Abstract Coronavirus disease 2019 (COVID-19) has reached pandemic proportions. Pulmonary and kidney disease are highly prevalent serious consequences of infection with SARS-CoV-2. Kidney Injury Molecule-1 (KIM-1) was identified by Drs Bonventre and Ichimura as the most upregulated protein in the injured kidney proximal tubule. KIM-1, also called TIM-1, is a receptor for hepatitis A, Ebola, Dengue and possibly SARS-CoV1 viruses. We hypothesize that KIM-1 is a receptor for SARS-CoV-2 both in renal tubule epithelial cells and in airway epithelial cells and that JB1, our newly discovered small molecule inhibitor of KIM-1, and/or nanodisc- incorporated KIM-1 ectodomain can be prophylactic and therapeutic agents for COVID-19. We also hypothesize that we can use the high-affinity binding of KIM-1 and ACE2 to the virus to create novel diagnostic devices for the virus. In Specific Aim 1 we will characterize the role of KIM-1 in promoting SARS-CoV-2 entry into kidney and lung epithelia using kidney microphysiological analysis platforms (MAPs) on chip and develop an ultrasensitive chip for the high-throughput evaluation of potential SARS-CoV-2 binding inhibitors. KIM-1 and ACE2 mediated endocytosis of SARS-CoV-2 biomimetic viruses (virosomes) will be compared in kidney and lung epithelial cells. We will evaluate the effects of KIM-1-mediated spike proteins or biomimetic virus cellular adhesion and uptake on production of paracrine factors which activate endothelial cells using a kidney-lung MAP. In order to understand binding and/or uptake kinetics of SARS-CoV-2 and characterize potential inhibitors we will develop an ultrasensitive nanoplasmonic triplets-based rapid lateral flow diagnostic chip for a rapid and sensitive inhibition assay using the kidney-lung MAP. This approach can also be used for point of care diagnostic testing for the virus. In Specific Aim 2 we will evaluate the efficacy of JB1, soluble KIM-1 ectodomain and nanodisc-incorporated KIM-1 or ACE2 to inhibit binding and internalization of SARS-CoV-2 biomimetic viruses by kidney and lung cells using an integrated lung-kidney MAP on chip. Potential inhibitors will be tested to evaluate whether they compete with S-protein and/or biomimetic virus binding and reduce IL-6 production. Binding affinity and kinetics between KIM-1 variants or ACE2 either as free ectodomains or incorporated into nanodiscs and the Spike protein will be measured using MicroScale Thermophoresis (MST) and Biolayer Interferometry.
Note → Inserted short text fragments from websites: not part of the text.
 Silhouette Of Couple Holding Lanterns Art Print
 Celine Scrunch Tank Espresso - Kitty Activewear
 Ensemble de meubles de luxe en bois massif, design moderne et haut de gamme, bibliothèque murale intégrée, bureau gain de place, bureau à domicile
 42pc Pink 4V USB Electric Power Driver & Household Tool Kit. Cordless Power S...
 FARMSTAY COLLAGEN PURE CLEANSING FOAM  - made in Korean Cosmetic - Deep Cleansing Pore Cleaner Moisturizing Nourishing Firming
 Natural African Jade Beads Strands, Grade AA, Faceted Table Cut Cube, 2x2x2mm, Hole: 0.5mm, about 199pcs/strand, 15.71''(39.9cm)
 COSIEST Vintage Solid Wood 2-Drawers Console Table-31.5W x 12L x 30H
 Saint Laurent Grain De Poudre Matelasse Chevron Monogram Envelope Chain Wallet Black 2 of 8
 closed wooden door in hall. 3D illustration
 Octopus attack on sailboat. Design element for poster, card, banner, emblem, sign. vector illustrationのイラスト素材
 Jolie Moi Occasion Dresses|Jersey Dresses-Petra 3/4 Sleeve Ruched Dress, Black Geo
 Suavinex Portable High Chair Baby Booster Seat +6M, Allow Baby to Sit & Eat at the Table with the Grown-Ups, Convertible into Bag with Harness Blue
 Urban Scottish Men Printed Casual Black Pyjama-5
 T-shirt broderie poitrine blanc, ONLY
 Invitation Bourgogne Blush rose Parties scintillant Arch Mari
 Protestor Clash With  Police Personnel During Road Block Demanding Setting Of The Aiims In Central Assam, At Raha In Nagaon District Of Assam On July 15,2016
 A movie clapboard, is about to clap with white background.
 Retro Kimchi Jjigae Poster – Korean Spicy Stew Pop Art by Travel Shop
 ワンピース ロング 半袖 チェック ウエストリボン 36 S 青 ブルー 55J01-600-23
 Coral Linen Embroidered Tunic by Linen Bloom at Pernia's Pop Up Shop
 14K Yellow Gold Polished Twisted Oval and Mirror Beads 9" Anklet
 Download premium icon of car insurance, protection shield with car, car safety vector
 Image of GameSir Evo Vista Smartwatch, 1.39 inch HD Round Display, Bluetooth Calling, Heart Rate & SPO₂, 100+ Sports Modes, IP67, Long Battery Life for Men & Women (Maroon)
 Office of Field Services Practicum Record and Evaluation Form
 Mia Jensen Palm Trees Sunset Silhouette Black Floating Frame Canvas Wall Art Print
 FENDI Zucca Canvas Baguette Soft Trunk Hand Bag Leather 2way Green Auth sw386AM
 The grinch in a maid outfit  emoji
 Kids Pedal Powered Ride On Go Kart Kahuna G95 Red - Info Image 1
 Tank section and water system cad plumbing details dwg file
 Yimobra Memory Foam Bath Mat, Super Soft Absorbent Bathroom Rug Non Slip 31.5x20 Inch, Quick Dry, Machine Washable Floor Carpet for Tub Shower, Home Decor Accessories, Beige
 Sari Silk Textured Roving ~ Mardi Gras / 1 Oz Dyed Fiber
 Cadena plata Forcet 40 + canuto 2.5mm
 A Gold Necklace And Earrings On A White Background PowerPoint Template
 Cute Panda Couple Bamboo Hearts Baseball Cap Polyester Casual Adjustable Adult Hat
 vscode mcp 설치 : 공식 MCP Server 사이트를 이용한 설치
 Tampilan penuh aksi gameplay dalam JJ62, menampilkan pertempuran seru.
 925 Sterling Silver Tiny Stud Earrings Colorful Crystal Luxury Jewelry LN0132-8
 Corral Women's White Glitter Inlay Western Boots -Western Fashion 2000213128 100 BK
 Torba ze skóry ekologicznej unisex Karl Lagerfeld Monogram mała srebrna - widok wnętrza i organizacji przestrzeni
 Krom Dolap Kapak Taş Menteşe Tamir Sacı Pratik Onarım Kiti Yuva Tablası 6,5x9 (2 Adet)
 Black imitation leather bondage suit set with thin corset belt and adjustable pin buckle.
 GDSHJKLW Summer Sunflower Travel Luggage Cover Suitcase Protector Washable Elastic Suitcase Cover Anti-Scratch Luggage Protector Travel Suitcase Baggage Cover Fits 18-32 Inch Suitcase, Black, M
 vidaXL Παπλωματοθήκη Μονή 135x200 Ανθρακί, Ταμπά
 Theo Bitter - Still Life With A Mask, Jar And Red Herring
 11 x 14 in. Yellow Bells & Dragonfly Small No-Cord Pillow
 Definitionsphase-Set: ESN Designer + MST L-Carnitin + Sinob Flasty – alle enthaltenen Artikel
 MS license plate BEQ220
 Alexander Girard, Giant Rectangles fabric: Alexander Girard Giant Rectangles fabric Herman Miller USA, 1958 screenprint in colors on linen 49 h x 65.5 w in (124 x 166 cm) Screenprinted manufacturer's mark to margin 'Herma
抽象的 2019 年冠状病毒病 (COVID-19) 已达到大流行的程度。肺和 肾脏疾病是 SARS-CoV-2 感染的高度流行的严重后果。肾 Bonventre 博士和 Ichimura 博士确定损伤分子 1 (KIM-1) 是上调程度最高的 受损肾近曲小管中的蛋白质。 KIM-1，也称为 TIM-1，是肝炎的受体 A、埃博拉病毒、登革热病毒以及可能的 SARS-CoV1 病毒。我们假设 KIM-1 是一种受体 肾小管上皮细胞和气道上皮细胞中的 SARS-CoV-2 JB1，我们新发现的 KIM-1 小分子抑制剂，和/或纳米盘- 掺入的 KIM-1 胞外域可以作为 COVID-19 的预防和治疗剂。 我们还假设我们可以利用 KIM-1 和 ACE2 与 病毒，为该病毒创建新型诊断设备。在具体目标 1 中，我们将描述 KIM-1 在利用肾脏促进 SARS-CoV-2 进入肾和肺上皮细胞中的作用 芯片上的微生理分析平台（MAP），并为微生理分析平台开发超灵敏芯片 潜在 SARS-CoV-2 结合抑制剂的高通量评估。 KIM-1 和 ACE2 将在肾脏中比较 SARS-CoV-2 仿生病毒（病毒体）介导的内吞作用 和肺上皮细胞。我们将评估 KIM-1 介导的刺突蛋白的作用或 仿生病毒细胞粘附和摄取旁分泌因子的产生，激活 使用肾肺 MAP 检测内皮细胞。为了了解结合和/或摄取动力学 SARS-CoV-2 的研究并表征潜在的抑制剂，我们将开发一种超灵敏的 基于纳米等离子体三联体的快速侧流诊断芯片，可实现快速、灵敏的抑制 使用肾肺 MAP 进行测定。该方法还可用于护理点诊断 测试病毒。在具体目标 2 中，我们将评估 JB1、可溶性 KIM-1 的功效 胞外域和纳米盘掺入 KIM-1 或 ACE2，以抑制结合和内化 使用集成的肺肾 MAP 通过肾脏和肺细胞产生 SARS-CoV-2 仿生病毒 在芯片上。将测试潜在的抑制剂以评估它们是否与 S-蛋白和/或 仿生病毒结合并减少 IL-6 的产生。 KIM-1 之间的结合亲和力和动力学 变体或 ACE2 作为游离胞外域或掺入纳米盘和刺突蛋白中 将使用微尺度热泳动 (MST) 和生物层干涉测量法进行测量。